* _Given material_
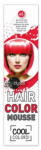 Wats Spuma Coloranta pentru Par, Elisee, Nr. 45, Poppy Red, rosu aprins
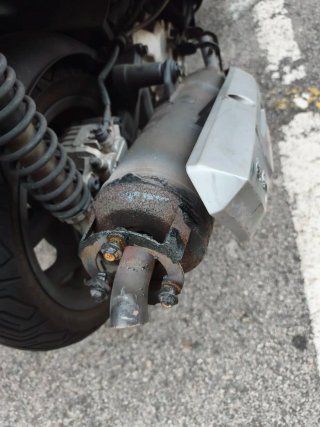 SYM JOYMAX 125i scooter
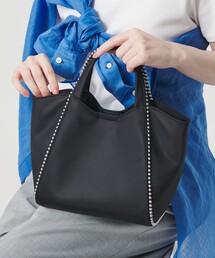 BEAUTY&YOUTH UNITED ARROWS | ナイロン ボールチェーン ミドル 2WAY トートバッグ はっ水(トートバッグ)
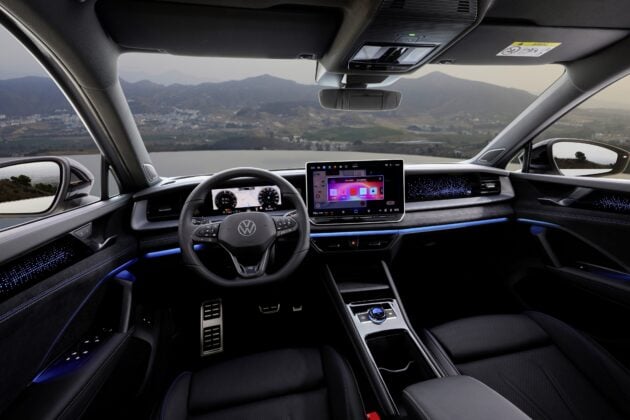 Volkswagen Tayron 预告即将来马, 全新D-Segment七人座SUV, 或取代现有的 Tiguan Allspace, 1.5T或2.0T引擎?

* _Task requirements_
Start at the first line and set down all of the data exactly, passing over the pictures.

* _Answer to this exercise_
 Wats Spuma Coloranta pentru Par, Elisee, Nr. 45, Poppy Red, rosu aprins
 SYM JOYMAX 125i scooter
 BEAUTY&YOUTH UNITED ARROWS | ナイロン ボールチェーン ミドル 2WAY トートバッグ はっ水(トートバッグ)
 Volkswagen Tayron 预告即将来马, 全新D-Segment七人座SUV, 或取代现有的 Tiguan Allspace, 1.5T或2.0T引擎?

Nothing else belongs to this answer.